Niveau casting John Wayne sous les traits de John Bernard Books est incroyable. Il livre une performance sobre parfaitement maîtrisée qui jamais ne va dans la tirade larmoyante facile, bien au contraire. Le comédien dresse avec maturité le portrait d'une vie avec ce qu'elle a de meilleure et de plus difficile en tant que légende vivante. Un rôle bien plus noir et amer que tous les autres personnages bien plus souriants et drôles qu'a pu incarner le comédien. Pour son ultime aventure, Wayne tire de la retraite une autre icône du genre : "James Stewart". Qui, pour le symbolisme si particulier que représente ce western hommage à Wayne, accepte de revenir devant la caméra sous les traits du Dr Hostetler. Un retour qui ne sera pas de tout repos mais qui pour l'occasion se dresse comme des retrouvailles inespérées, quinze ans après L'homme qui tua Liberty Valence de John Ford. Quinze années qui comme par hasard correspondent au nombre d'années où dans le film John Bernard Books et le Dr Hostetler sont restés sans se voir. Un clin d'œil très appréciable. Stewart qui lors du plan final jette un dernier regard plein de sens à Wayne. Un grand moment. Le reste de la distribution s'en sort très bien avec Lauren Bacall, en tant que Fleur Rogers. Une veuve qui va accepter d'accompagner les derniers jours de la vie de Books. Ce que j'aime c'est que malgré la gravité et la condamnation du personnage, pas une fois elle ménage l'homme. Encore mieux, elle offre une belle performance dramatique qui ne va pas partir sur une histoire d'amour condamnée improbable. Son fils, Gillom, par un Ron Howard bien jeune, apporte l'optimisme du récit. L'espérance d'un avenir meilleur émancipé des fautes commises par Wayne. Scatman Crothers en tant que Moses Brown est très sympa. Il incarne l'étendard comique bienveillant qui caractérise tant le cinéma de Wayne. Viennent enfin les antagonistes principaux qui malheureusement sont trop peu exploités et aurait mérité un peu plus d'élaboration.
CONCLUSION :
Le temps du bon vieil Ouest touche à sa fin et avec les icônes qui l'accompagnent. Le Dernier des géants réalisé par Don Siegel, représente la fin d'une époque à travers un spectacle émotionnellement juste qui sonne vrai à tous les niveaux. L'œuvre testamentaire d'un monstre du cinéma qui se livre sans filtre à travers un western perturbant et bouleversant.

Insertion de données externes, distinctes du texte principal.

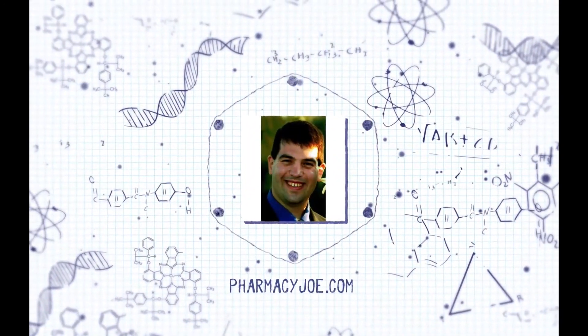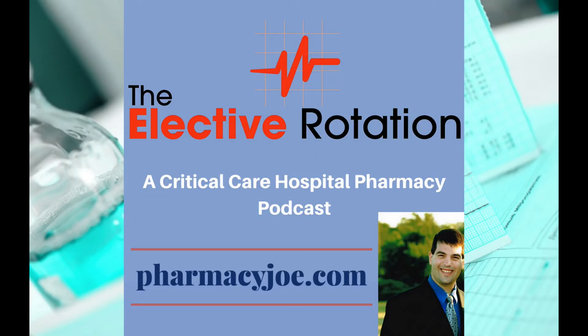Welcome to the Elective Rotation Podcast, Critical Care Pharmacy Minute, where I discuss one critical care pharmacy thought in about one minute. I'm Pharmacy Joe of PharmacyJoe.com.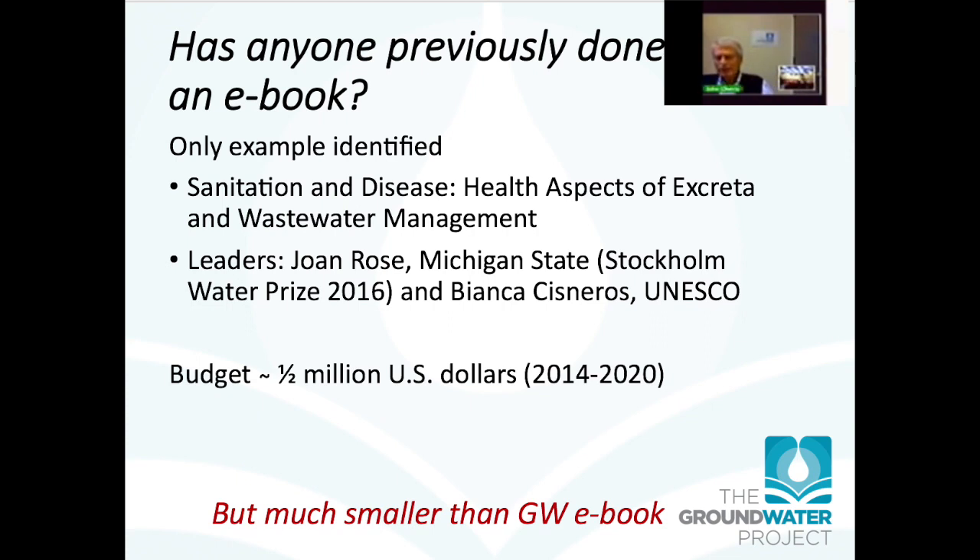We started this project without knowing anyone who had done such an e-book project before. About a year ago we discovered there is in fact a project like this, though a bit smaller, nearing completion — an update of an old textbook on health aspects of excreta and wastewater management. Its budget is half a million dollars, it has about 40 chapters and 60 to 70 authors, and it will be available online free of charge. Ours is bigger, different, and more ambitious.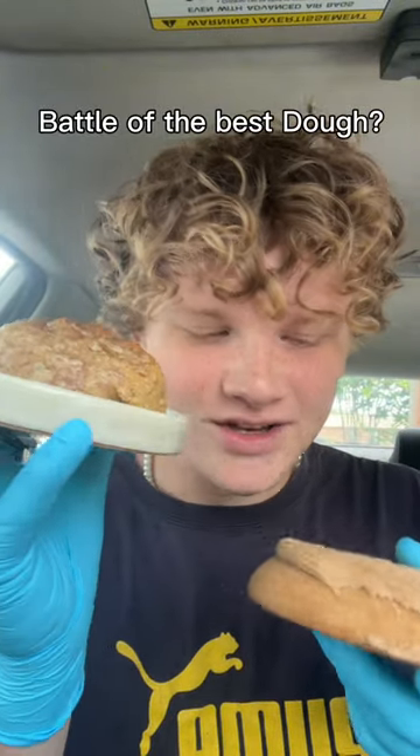I got two different cookies here. This one's flavored like donuts, like Krispy Kreme fried donut. And this one's tasted like a churro, kind of that cinnamon sugary churro. I'm gonna start with this churro cookie right here.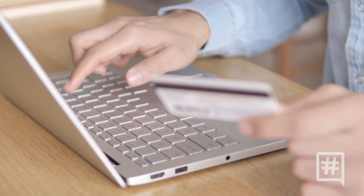Our third tip is to manage your online footprint. But what is your online footprint? Anything that you do online, whether that's posting on social media,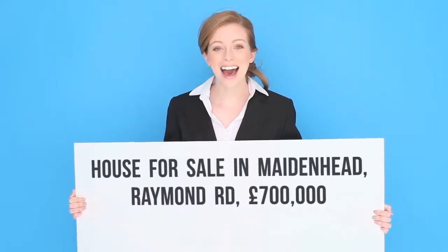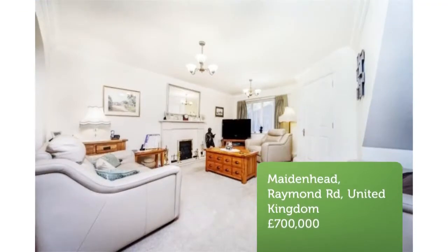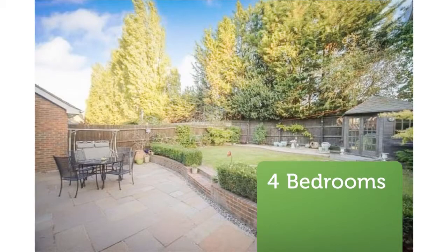A well-appointed four-bedroom detached family home featuring spacious and well-proportioned accommodation arranged over three floors. The property occupies a quiet cul-de-sac location and features a modern kitchen/breakfast room, master bedroom with en-suite and dressing room, and a pretty rear garden.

John Wayne alias "The Duke", l'homme meurt, mais la légende perdure. L'émotion est palpable !
- Vous vous préparez à quelque chose.
- Pourquoi dites-vous ça ?
- Ce journal... Le nettoyage, le laudanum, le coiffeur...
- Promets-moi une chose. Demain, quand vous me verrez dans ma splendeur, en costume du dimanche, ne me posez pas de questions. Pas de soupçons, ni d'intuitions féminines. Toute curiosité interdite absolument ! C'est promis ?... Et pas de larmes.
- ... Je vous le promets.
- Merci.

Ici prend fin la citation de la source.